Vals lanzó una carcajada acompañada de un fuerte golpe de su palma a su pierna derecha; "¡Por favor repítalo que casi me lo creo "
 Gallo se puso de pie: "Nos vamos Raúl, ya ha sido suficiente".
Vals se levantó y abrochó el frente de su saco: "Cuéntele la verdad a la almohada Lebón... si usted no tiene nada que ver con esto, piénselo bien antes de mandar a los Sastre y al Rubio Rodas a buscarme en algún kinetoscopio o lenocinio. Un loco, o varios hijos de puta así, no nos conviene a ninguno de los
dos bandos, ¿no le parece?".
-Comprendo -asintió Lebón.
Salió primero Gallo, seguido de Ferrara. Afuera se reunieron con los dos oficiales que se habían quedado en la vereda. Vals se quedó relegado porque por primera vez puso atención en el rostro de Enzo Maqueira. Había algo en él que le era definitivamente familiar.
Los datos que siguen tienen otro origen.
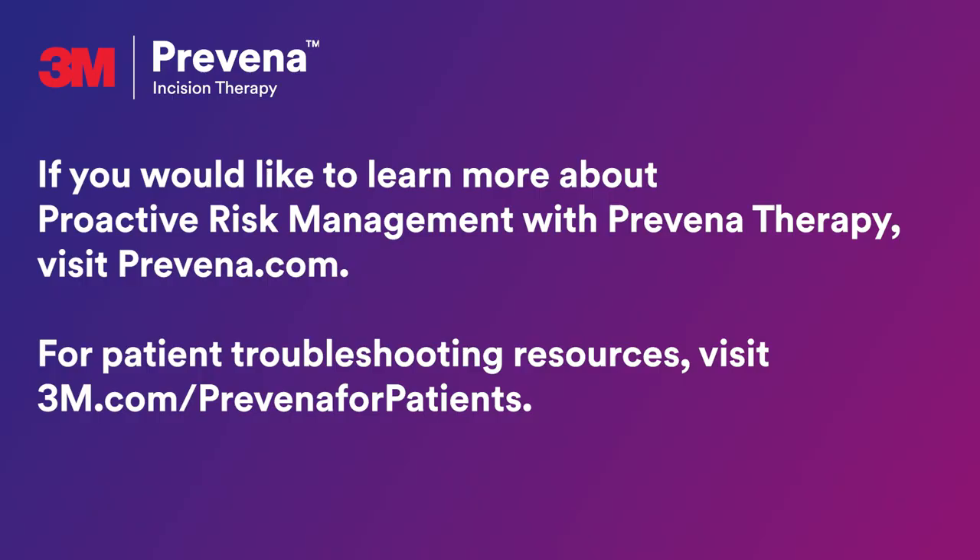If you'd like to learn more about proactive risk management with Praveena therapy, visit Praveena.com. For patient troubleshooting resources, visit 3M.com/Praveena for patients.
En esos ojos verdes se veía un pecado, de esos que uno se miente jamás haber cometido.
—¿De dónde te conozco yo a vos, pituquito?
-Todavía no me conoces, pelado -le aseguró Maqueira-, pero cuando lo hagas, no me vas a olvidar, dalo por hecho.
El Inspector frunció el ceño: "A otro con esa milonga, nene,  que vos no tenés edad para bailar conmigo", fue su saludo de despedida.